Web page caption snippets
···

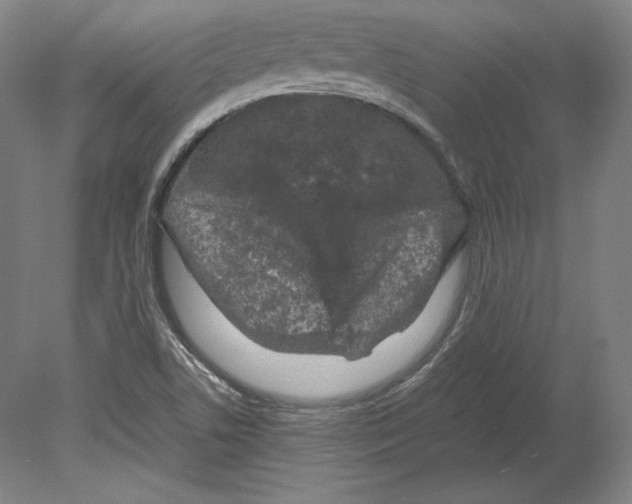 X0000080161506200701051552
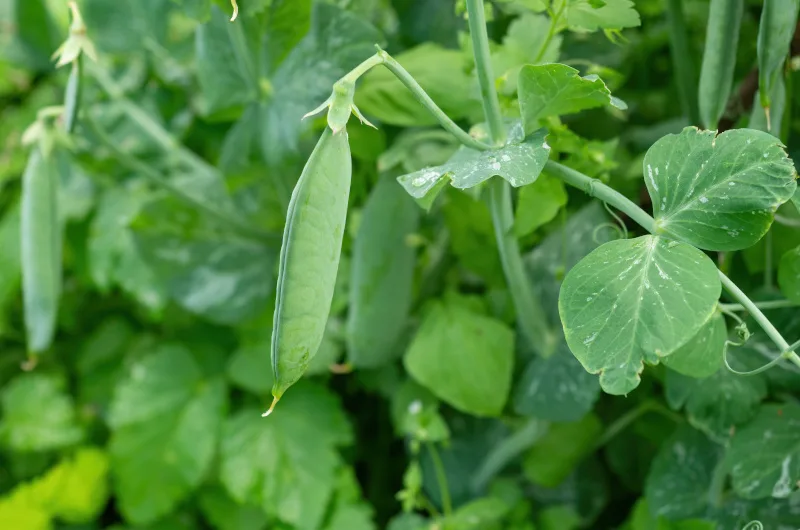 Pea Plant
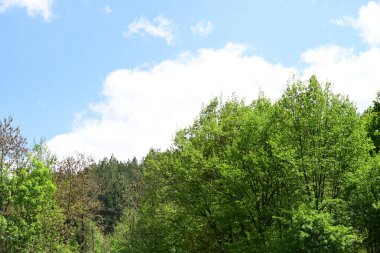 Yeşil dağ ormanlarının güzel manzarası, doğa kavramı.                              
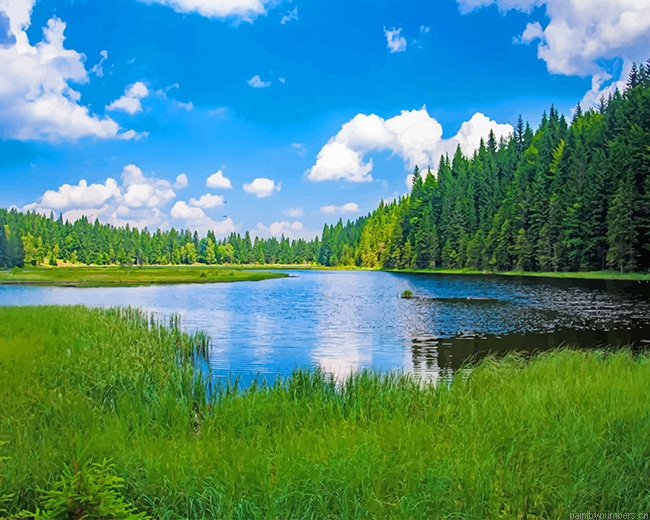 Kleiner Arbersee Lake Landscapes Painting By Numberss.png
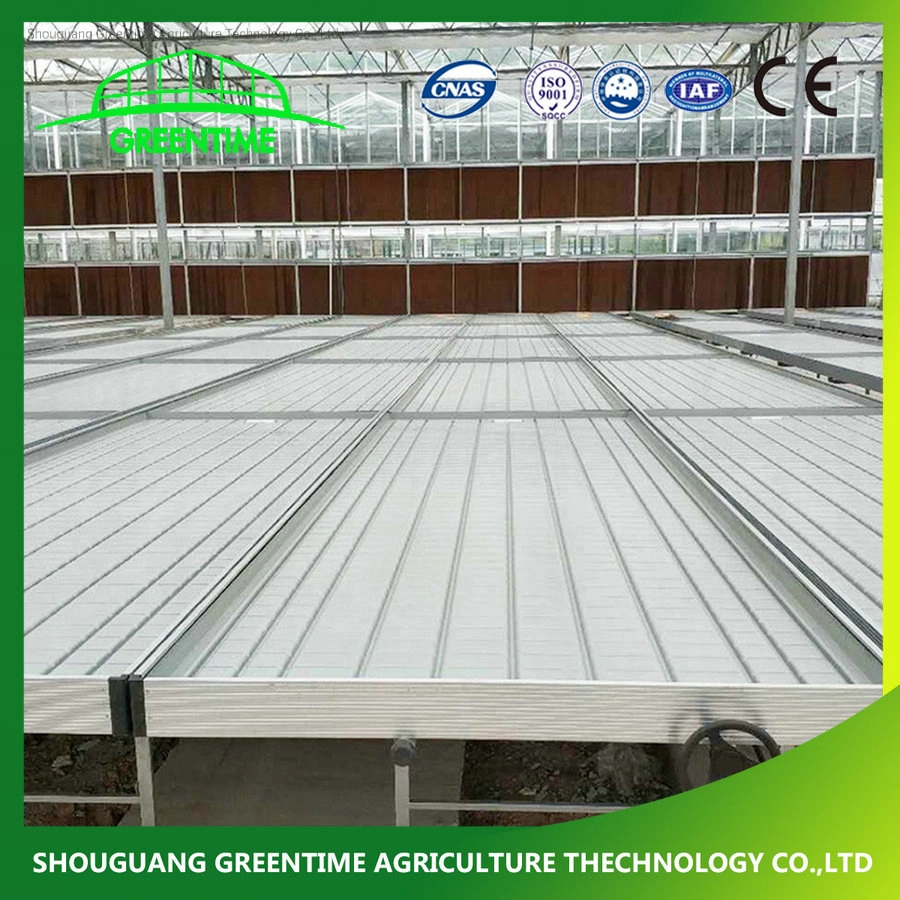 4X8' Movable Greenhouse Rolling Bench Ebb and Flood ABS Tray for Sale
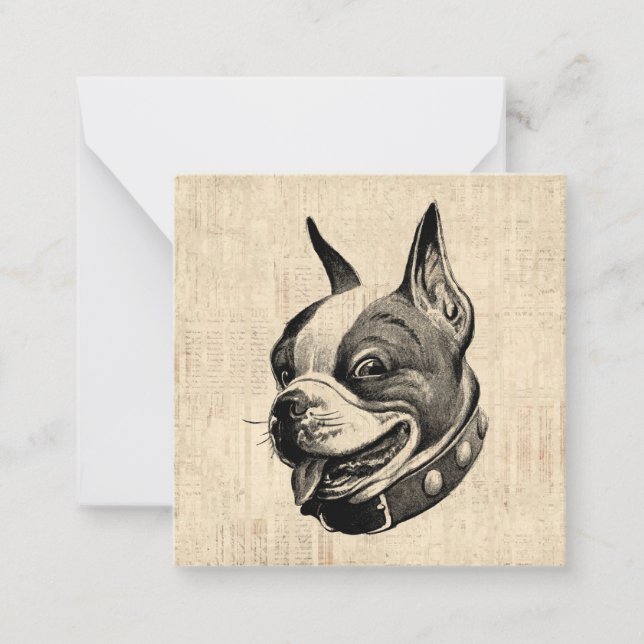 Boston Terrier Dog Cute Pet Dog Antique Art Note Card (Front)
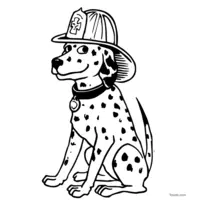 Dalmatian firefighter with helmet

···

Please leave out the pictures while you copy exactly the lines from the one containing "4X8' Movable Greenhouse" through the end of the records.

 4X8' Movable Greenhouse Rolling Bench Ebb and Flood ABS Tray for Sale
 Boston Terrier Dog Cute Pet Dog Antique Art Note Card (Front)
 Dalmatian firefighter with helmet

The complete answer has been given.